François Crémieux-Cynthia Fleury : à l’épreuve du réel
Tous les deux sont familiers des situations d’urgence. François Crémieux, directeur de l’Assistance publique-Hôpitaux de Marseille et ancien « casque bleu » en Bosnie, a connu les terrains de guerre avant de devoir prendre des décisions délicates en temps de crise sanitaire. Cynthia Fleury, philosophe et psychanalyste, autrice de La Fin du courage, n’a cessé de s’interroger sur les maux de nos sociétés et le soin à y apporter. Ensemble, ils cernent la forme que prend le courage en démocratie.
François Crémieux : Je ne crois pas qu’il y ait de valeur absolue à la notion de courage. Il n’est pas plus courageux de prendre les armes quand on est militaire que de faire un soin difficile à 2 heures du matin quand on est infirmière. Le courage se définit d’abord par ce que les autres attendent de vous dans les circonstances dans lesquelles vous exercez. Faire preuve de courage aujourd’hui, quand on est un jeune athlétique et qu’on habite à Kiev, c’est probablement, dans le regard des autres, avoir celui extrême de risquer sa vie à la guerre. Cependant, tous les Ukrainiens ne sont pas courageux, et tous ceux qui ne font pas la guerre ne sont pas des lâches. En m’engageant dans l’armée comme « casque bleu » à 25 ans, je n’avais pas plus ou moins de courage qu’aujourd’hui. Seulement, suite au hasard d’une rencontre avec un régiment qui partait en Bosnie, la question s’est posée au jeune militant que j’étais de s’engager volontairement. Maintenant, en tant que directeur de l’Assistance publique à Marseille, qu’attendent de moi ceux avec lesquels je travaille, infirmiers, médecins ? Que j’exerce ma mission, que je décide et que j’assume le réel pour mener le collectif.
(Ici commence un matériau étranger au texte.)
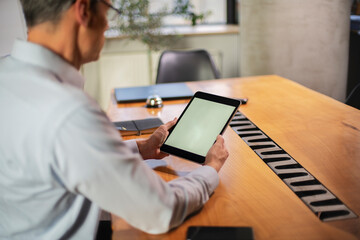 Close up of man using digital tablet.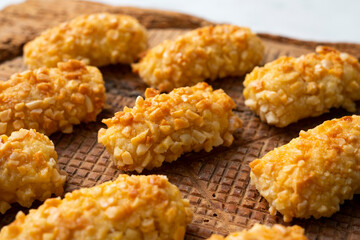 Panellets, traditional sweet dessert from Barcelona and Valencia made with potato, eggs, sugar and different nuts like almonds or  pinions. 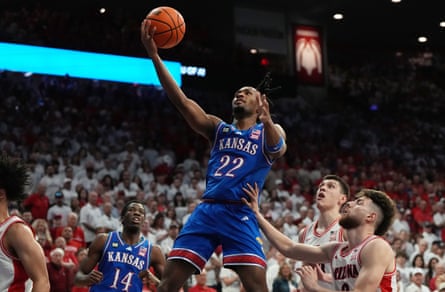 The Kansas guard, Darryn Peterson, shoots during the first half of an NCAA college basketball game against Arizona.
Je conçois moins le courage comme un appel que comme une nécessité liée à un environnement, à des relations, à une histoire. Des circonstances nous poussent au dépassement de soi, à l’altruisme dans l’action. S’agissant du président Zelensky, qui incarne aujourd’hui une forme de courage, j’ignore s’il a été un humoriste courageux, mais aujourd’hui une nécessité s’impose à lui, et il l’assume avec brio.
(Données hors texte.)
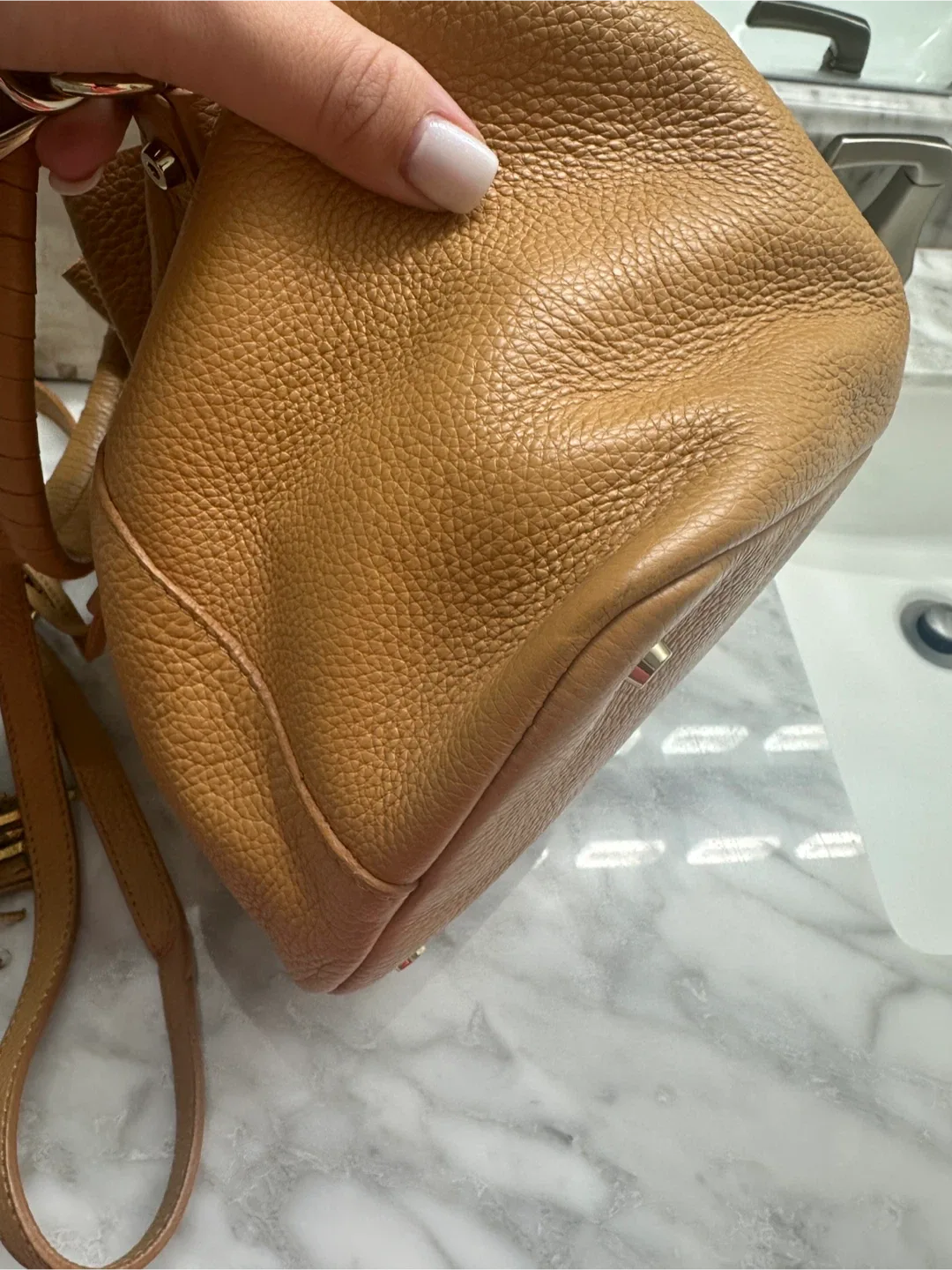 Tan Leather Bucket Bag with Tassels image indicator(3)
“Les circonstances nous poussent au dépassement de soi, à l’altruisme dans l’action”
Cynthia Fleury : Je suis d’accord avec la non-absoluité du courage. Car il repose d’abord sur une intelligence contextuelle. Le courage est une vertu relationnelle, une responsabilité en situation. Ce n’est peut-être pas un appel, mais il s’agit bien de « répondre de », d’être responsable là où d’autres ne le sont pas. Il n’existe pas de courage de façon abstraite, il s’agit toujours d’une expérience concrète. Le courage, c’est précisément la sortie de la théorie. Il nous pousse à assumer le réel sans s’y soumettre totalement. Le courageux, comme l’écrit Giorgio Agamben, considère que l’obscurité de son temps est une affaire qui le regarde, et, en même temps, il va au-devant d’un événement parce qu’il intuitionne la nécessité de faire face, comme si le « Réel » avait besoin d’un point d’appui pour advenir – l’acte courageux, précisément. Prenons Volodymyr Zelensky et les Ukrainiens : qui aurait anticipé la stature de chef de guerre pour le premier, et une telle capacité de résistance pour les seconds ? L’autre particularité du courage est de ménager une place pour la réflexivité, au risque sinon de verser dans l’intempérance et l’action intempestive. Il est ancré dans des valeurs et ne sort pas de nulle part. Il y a des occasions qui nous accomplissent, mais c’est en révélant notre cohérence, lorsque nos paroles, nos actes et nos valeurs s’alignent. Nous sommes ainsi sidérés par la violence délirante et la paranoïa sans borne de Vladimir Poutine, mais aussi très admiratifs face à des civils, ni militaires ni guerriers, qui soudain prennent la parole et s’organisent pour faire face avec un sentiment de confraternité dans l’épreuve. Contrairement à vous, François, je n’ai jamais été sur des terrains de guerre et des théâtres d’opérations. Je n’ai pas eu cette rencontre avec le réel de la mort, mais j’ai fait de la supervision de médecins qui y étaient, pour traiter ce qu’on appelle le traumatisme vicariant, c’est-à-dire pour soigner les soignants.